Sunday, November 30, 2014

Shor "Empowering Education"

Quotes/Reflection:

For this blog post, I decided to use quotes that I felt pertained to my education in high school and college and the education of my students at my service learning placement.

While reading this article, I found myself constantly comparing what Shor wrote to my education throughout the years. "He urged teachers to encourage students to question their experience in school: 'You must arouse children's curiosity and make them think about school. For example, it's very important to begin the school year with a discussion of why we go to school. Why does the government force us to go to school? This would set a questioning tone and show the children that you trust them and that they are intelligent enough at their own level, to investigate and come up with answers'" (11). In my service learning placement, my teacher is always asking the students to think. She always allows them time to participate, to have their thoughts heard. The last time I was there, they were reading a book about Thanksgiving and she was always asking them different things about the book asking them to think about what the Pilgrims went through on their journey over. She let the students say what they wanted and even if an answer wasn't totally correct she helped lead them to the right answer but only by guiding them. I feel that as I reached middle school and high school, my teachers started just making me memorize the material. 

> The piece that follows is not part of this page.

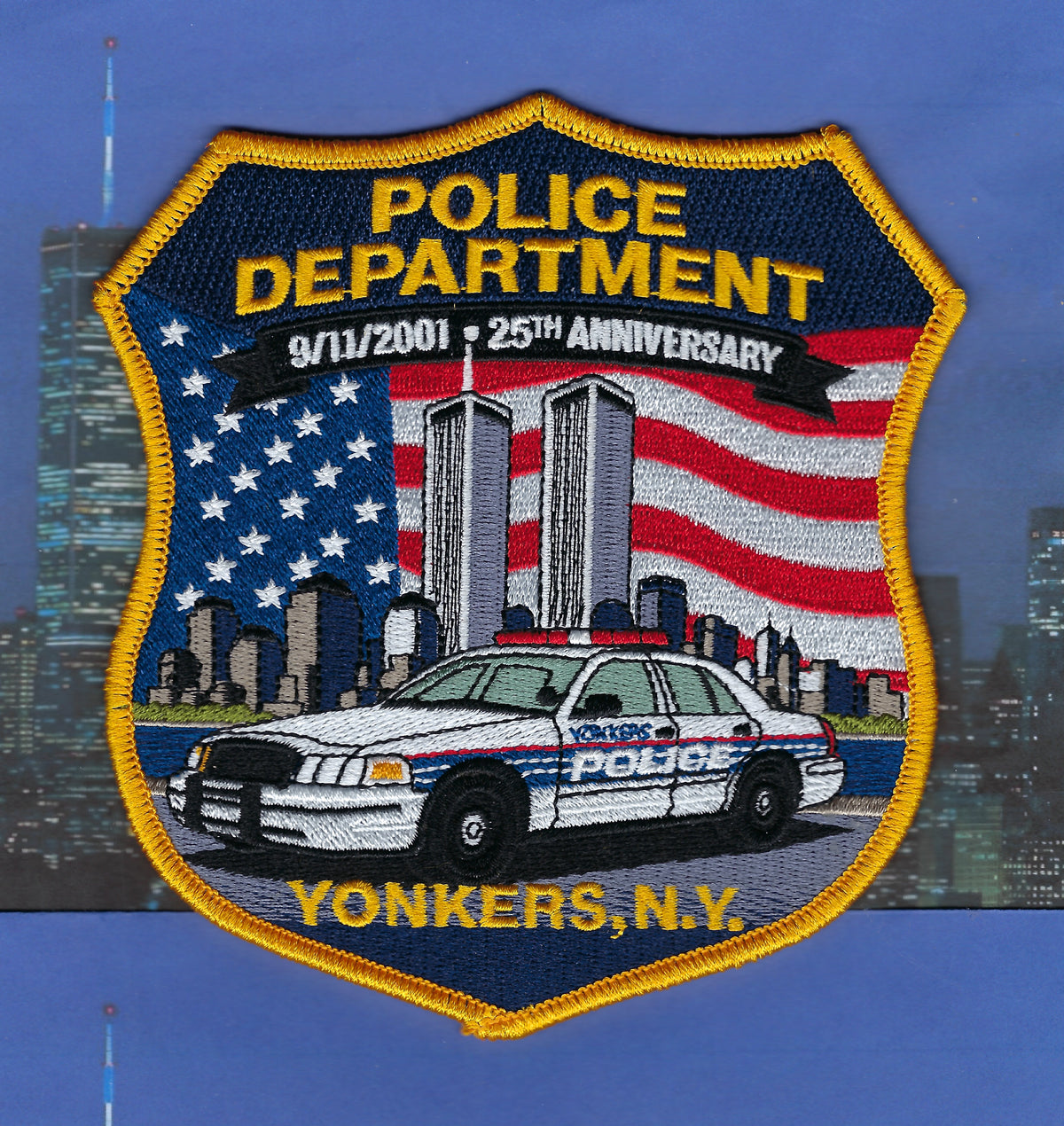 YONKERS, NEW YORK (WESTCHESTER COUNTY) POLICE DEPT 'WORLD TRADE CENTER 9-11-01 25TH ANNIVERSARY' EMBROIDERED PATCH.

The next quote that Shor wrote was one that I felt I could relate to. Shor said, "This kind of critical education is not more political than the curriculum which emphasizes taking in and fitting in. Not encouraging students to question knowledge, society, and experience tacitly endorses and supports the status quo. A curriculum that does not challenge the standard syllabus and conditions in society informs students that knowledge and the world are fixed and are fine the way they are, with no role for students to play in transforming them, and no need for change" (12). This connects to Kozol because the people in Mott Haven were confined to the poverty stricken neighborhood they lived in. They couldn't rise up in society and that is what this quote is saying, by not challenging knowledge you'll still be where you started. I was never taught to question what I was learning or why I would do it. In some of my classes I was answering questions on worksheets where the answers came right from the text and I never questioned it. In my FNED class we did the same thing and had to answer true and false questions, questions like who is the author and question where one word answers came right from the text. These are similar to questions that  I answered in high school and I did it because I was told to do it. These types of questions don't challenge students and they seem like dumb questions for people who aren't that smart. Some of my English teachers would tell us what certain things meant and they didn't want to hear contradicting theories. They believed that they were right and on tests and quizzes I found myself writing their perspective not mine. I wasn't learning in these classes I was just trying to get by, I didn't bother thinking for myself because I knew whatever I thought would be considered wrong. 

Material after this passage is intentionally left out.